> EXERCISE DESCRIPTION: Reproduce all the material verbatim, down to the last line.

> EXERCISE DATA:
"""

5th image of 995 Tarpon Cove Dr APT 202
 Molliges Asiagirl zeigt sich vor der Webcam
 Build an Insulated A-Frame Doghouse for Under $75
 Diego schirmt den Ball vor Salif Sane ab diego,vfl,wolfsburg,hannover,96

"""

> PROBLEM SOLUTION:
5th image of 995 Tarpon Cove Dr APT 202
 Molliges Asiagirl zeigt sich vor der Webcam
 Build an Insulated A-Frame Doghouse for Under $75
 Diego schirmt den Ball vor Salif Sane ab diego,vfl,wolfsburg,hannover,96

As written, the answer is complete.